### Problem description
Of all the lines below, output only those starting at the one with "226. tétel, Bakonyi táj, 1933" and ending at the one with "B-3 Leather Shearling Bomber Jacket", both ends included, exactly as written.

### Exercise input

══════════

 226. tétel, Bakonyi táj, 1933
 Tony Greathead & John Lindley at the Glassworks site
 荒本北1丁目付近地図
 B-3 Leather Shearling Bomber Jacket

══════════

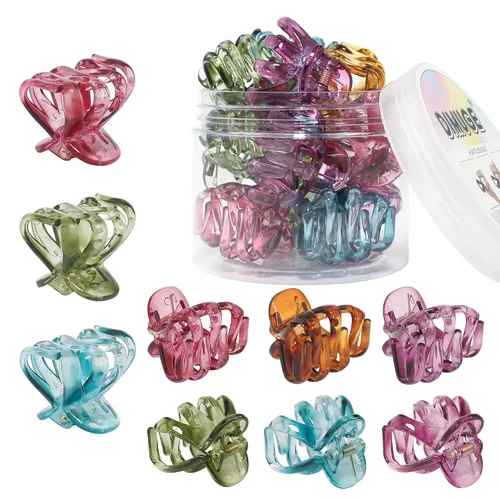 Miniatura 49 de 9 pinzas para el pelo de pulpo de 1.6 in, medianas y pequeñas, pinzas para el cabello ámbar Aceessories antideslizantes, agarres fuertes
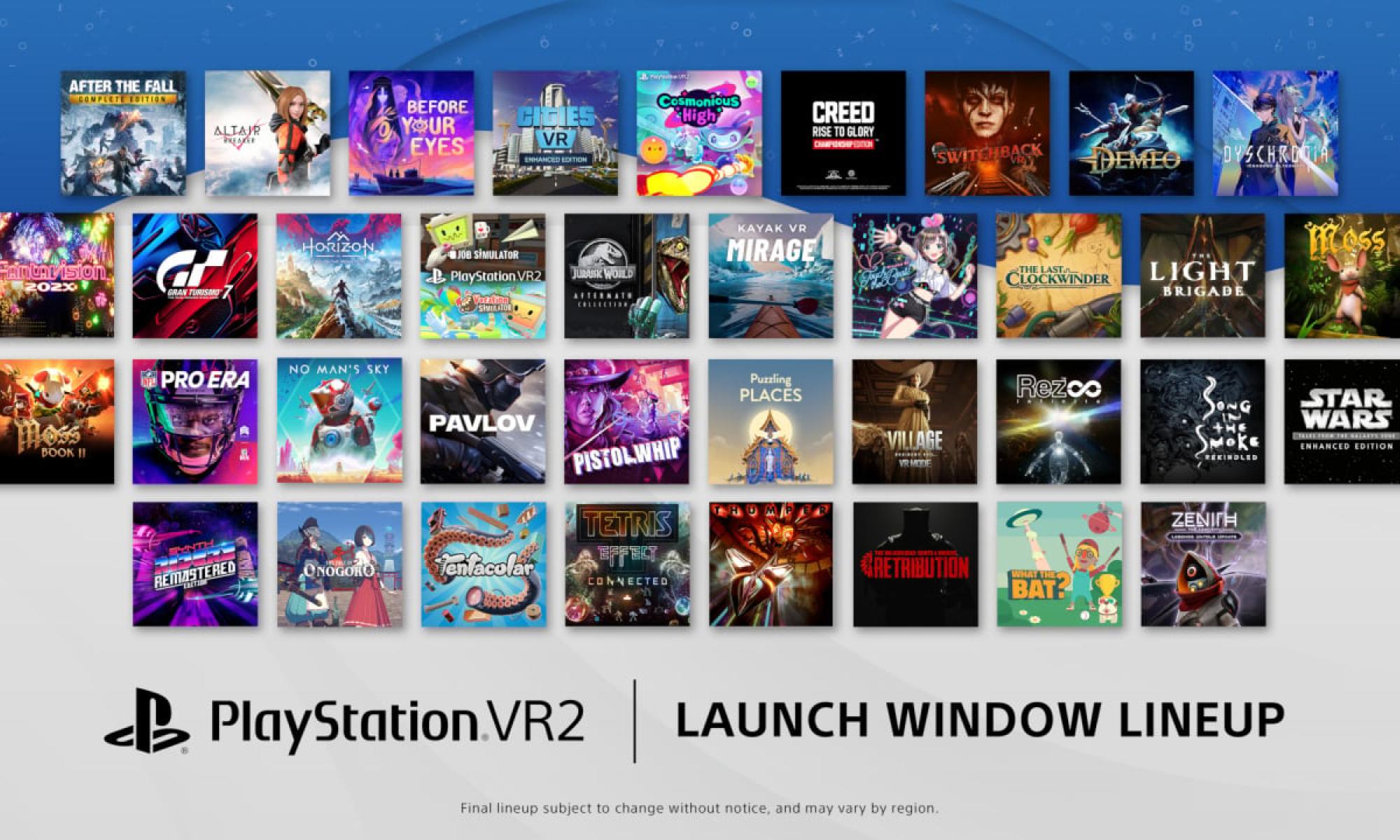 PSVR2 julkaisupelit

══════════

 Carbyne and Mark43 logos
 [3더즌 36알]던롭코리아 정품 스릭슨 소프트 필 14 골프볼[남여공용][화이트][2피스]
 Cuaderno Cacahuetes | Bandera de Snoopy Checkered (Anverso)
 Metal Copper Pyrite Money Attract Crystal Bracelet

══════════

### Written response
 226. tétel, Bakonyi táj, 1933
 Tony Greathead & John Lindley at the Glassworks site
 荒本北1丁目付近地図
 B-3 Leather Shearling Bomber Jacket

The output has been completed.